* [What you should do] Extract, exactly as written, each line from the start of the records below to the line containing "O femeie zambeste", both ends included; drop the pictures.

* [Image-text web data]
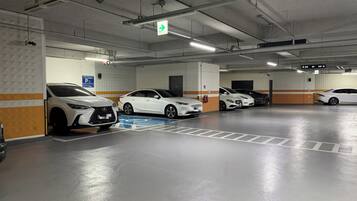 A multi-level parking garage with several white cars parked.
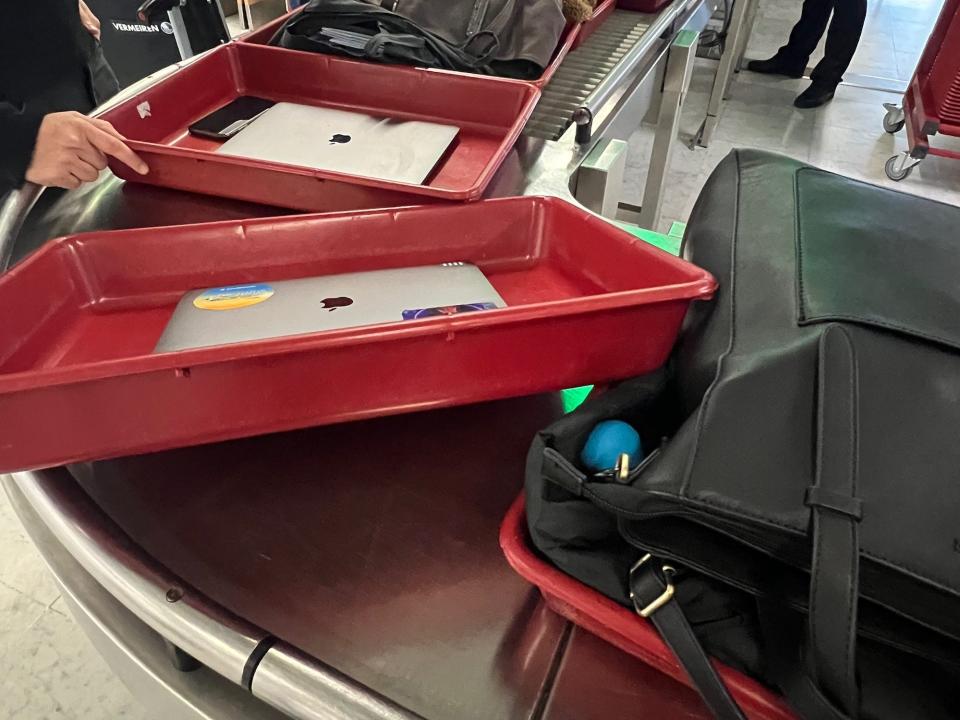 Flying on La Compagnie all-business class airline from Paris to New York — personal belongings in Orly airport's security lane.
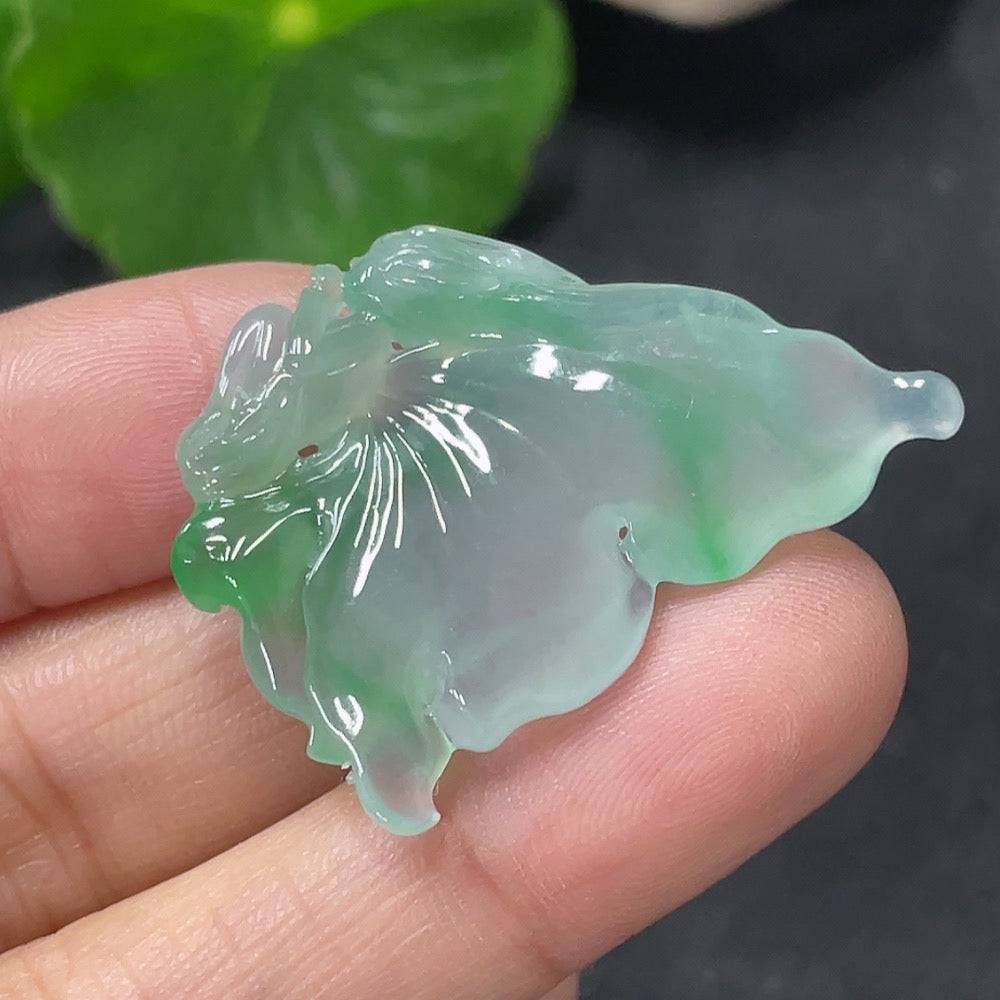 Jadeite pendant featuring a butterfly fairy design by HUILIU HQ, showcasing a detailed green jade figure on a delicate cord.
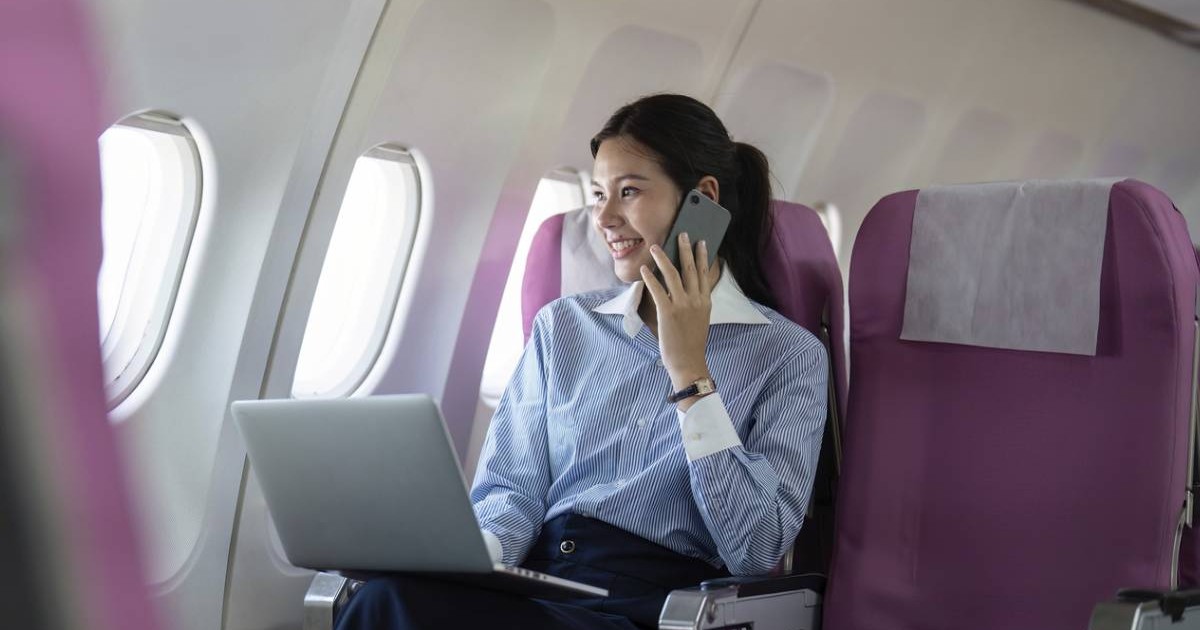 O femeie zambeste si se uita pe fereasta in timp ce folosește un laptop și vorbește la telefon , așezată într-un avion, scaunele sunt mov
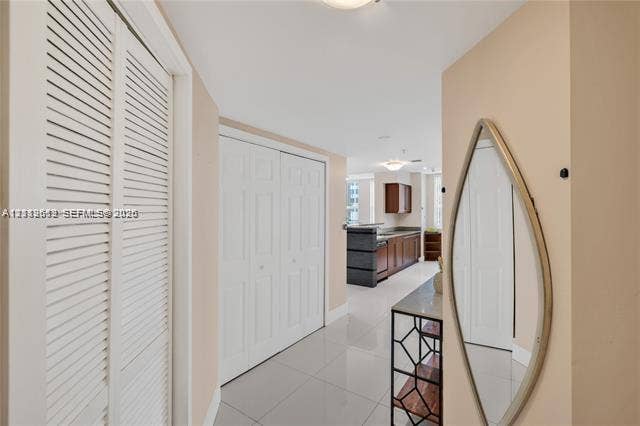 Interior area featuring high-gloss tile flooring, white bi-fold closet doors, and recessed ceiling lighting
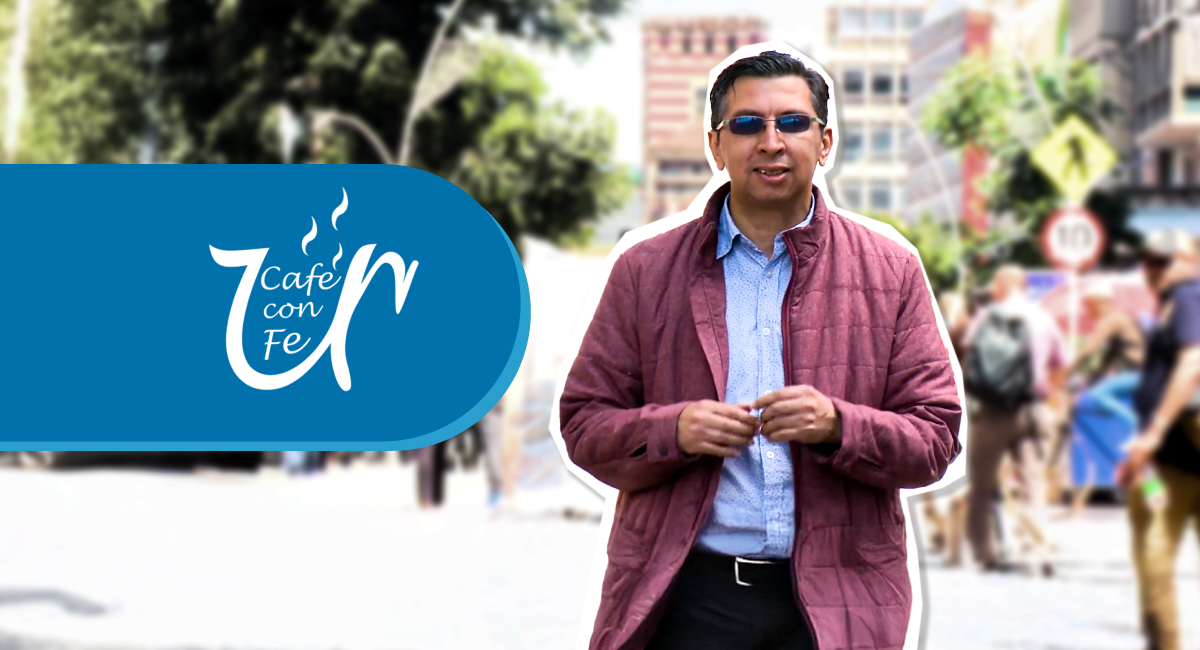 Hombre en plano americano con gafas oscuras, camisa azul claro, chaqueta vinotinto y pantalón negro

* [Reply]
 A multi-level parking garage with several white cars parked.
 Flying on La Compagnie all-business class airline from Paris to New York — personal belongings in Orly airport's security lane.
 Jadeite pendant featuring a butterfly fairy design by HUILIU HQ, showcasing a detailed green jade figure on a delicate cord.
 O femeie zambeste si se uita pe fereasta in timp ce folosește un laptop și vorbește la telefon , așezată într-un avion, scaunele sunt mov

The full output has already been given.